* [Work item]:
Retype all of the data. Every line must match exactly.

* [Data extracted from a collection]:
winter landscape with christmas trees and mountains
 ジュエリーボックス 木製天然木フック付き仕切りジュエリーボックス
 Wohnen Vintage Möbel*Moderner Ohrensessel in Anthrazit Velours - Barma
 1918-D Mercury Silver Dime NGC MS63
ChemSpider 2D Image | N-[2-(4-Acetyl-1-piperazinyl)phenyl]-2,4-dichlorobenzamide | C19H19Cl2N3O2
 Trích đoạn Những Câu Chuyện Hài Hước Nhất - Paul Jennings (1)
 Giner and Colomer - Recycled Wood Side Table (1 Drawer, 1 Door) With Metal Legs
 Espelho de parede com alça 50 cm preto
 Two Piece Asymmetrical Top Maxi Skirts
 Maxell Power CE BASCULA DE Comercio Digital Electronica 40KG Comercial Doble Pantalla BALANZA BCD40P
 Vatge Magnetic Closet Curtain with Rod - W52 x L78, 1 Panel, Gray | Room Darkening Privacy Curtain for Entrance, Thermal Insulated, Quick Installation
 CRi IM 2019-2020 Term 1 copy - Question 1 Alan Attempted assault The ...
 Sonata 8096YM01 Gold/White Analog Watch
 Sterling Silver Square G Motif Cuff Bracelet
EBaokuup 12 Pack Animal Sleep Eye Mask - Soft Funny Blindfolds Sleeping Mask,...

* [Reply to the exercise]:
winter landscape with christmas trees and mountains
 ジュエリーボックス 木製天然木フック付き仕切りジュエリーボックス
 Wohnen Vintage Möbel*Moderner Ohrensessel in Anthrazit Velours - Barma
 1918-D Mercury Silver Dime NGC MS63
ChemSpider 2D Image | N-[2-(4-Acetyl-1-piperazinyl)phenyl]-2,4-dichlorobenzamide | C19H19Cl2N3O2
 Trích đoạn Những Câu Chuyện Hài Hước Nhất - Paul Jennings (1)
 Giner and Colomer - Recycled Wood Side Table (1 Drawer, 1 Door) With Metal Legs
 Espelho de parede com alça 50 cm preto
 Two Piece Asymmetrical Top Maxi Skirts
 Maxell Power CE BASCULA DE Comercio Digital Electronica 40KG Comercial Doble Pantalla BALANZA BCD40P
 Vatge Magnetic Closet Curtain with Rod - W52 x L78, 1 Panel, Gray | Room Darkening Privacy Curtain for Entrance, Thermal Insulated, Quick Installation
 CRi IM 2019-2020 Term 1 copy - Question 1 Alan Attempted assault The ...
 Sonata 8096YM01 Gold/White Analog Watch
 Sterling Silver Square G Motif Cuff Bracelet
EBaokuup 12 Pack Animal Sleep Eye Mask - Soft Funny Blindfolds Sleeping Mask,...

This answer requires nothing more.